As the 25th Anniversary Rick Hansen Relay comes to a close today — nine months and two days after it began in Newfoundland — one Ladysmith resident is cherishing her participation in the milestone event.
Debby Baker, an accomplished marathon runner, was selected to be a medal bearer in Burnaby as the relay passed through Sat., May 19.
The Rick Hansen 25th Anniversary relay featured 7,000 medal bearers carrying the 85-milimetre silver tribute to the original journey across Canada in sections, recreating the path Rick Hansen took in his wheelchair from 1985 to 1987.
Baker was assigned a 250-metre section to be completed in a four-minute time limit.
“It’s kind of like being a torch bearer — you get your uniform, they give you pants and a commemorative jacket and a toque, and you get a medal to keep,” Baker explained.
Each medal bearer is selected because they are a difference maker in the community.

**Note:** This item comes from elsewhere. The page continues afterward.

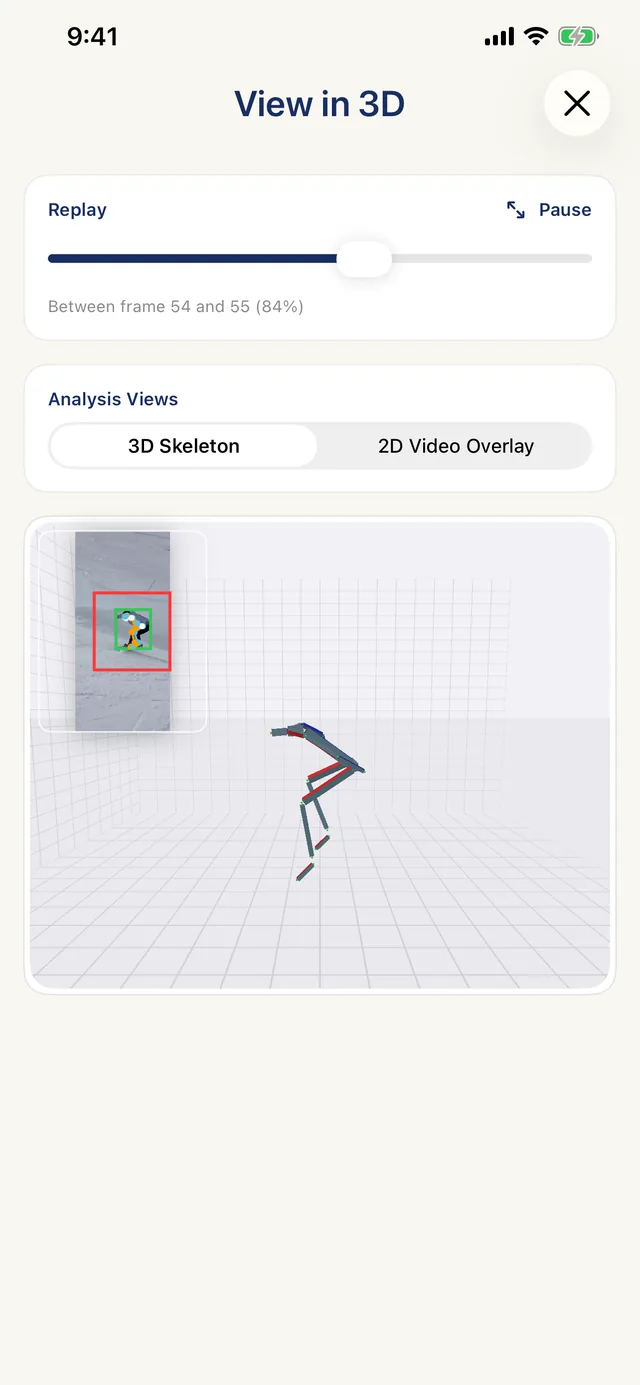 StancePro Digital Rider: a 3D skeleton rebuilt from a phone clip, mid-air, with the source frame in the corner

“I applied to be a torch bearer when the Olympics came but I didn’t get chosen for that, so I thought this would be a chance to participate in something that was part of a cross-Canada event,” Baker explained. “I got a call about a week ago saying that I had been chosen to be one of the medal bearers.”
Baker said she has fond memories of living in Alberta when Hansen came through.
“I think he is such a fantastic man and he’s accomplished so much. To me, life has dealt him some tough cards and he’s made the most of it,” she said. “That’s inspiring for each one of us to try and do the most we can do.”
Baker is a four-time marathon runner for Team Diabetes Canada. Since 2005, she has run marathons in Italy, Iceland, Oregon and New York, raising a combined total of more than $40,000 for the cause. She plans to run her fifth, and final run for Team Diabetes in 2013 in Dublin, Ireland.
Baker started running for the team as a tribute to a former mentor who took Baker under her wing when she started in law 25 years ago.
“Through the years, I saw that even though she took care of herself really well health-wise, diabetes still has effects,” she said. “I did that race to honour her and all that she had done for me, and when I finished the [first] race, I brought the medal back and gave it to her.”
Baker’s sister is also diabetic.
Baker says she will continue to fundraise and compete in events, but she would like to scale back.
“I think a half marathon at my age is a nice distance,” she laughed, adding that she has been grateful to be supported by the Ladysmith community in her fundraising efforts.
“I really have always found that the community has been tremendously supportive of my efforts in that regard.”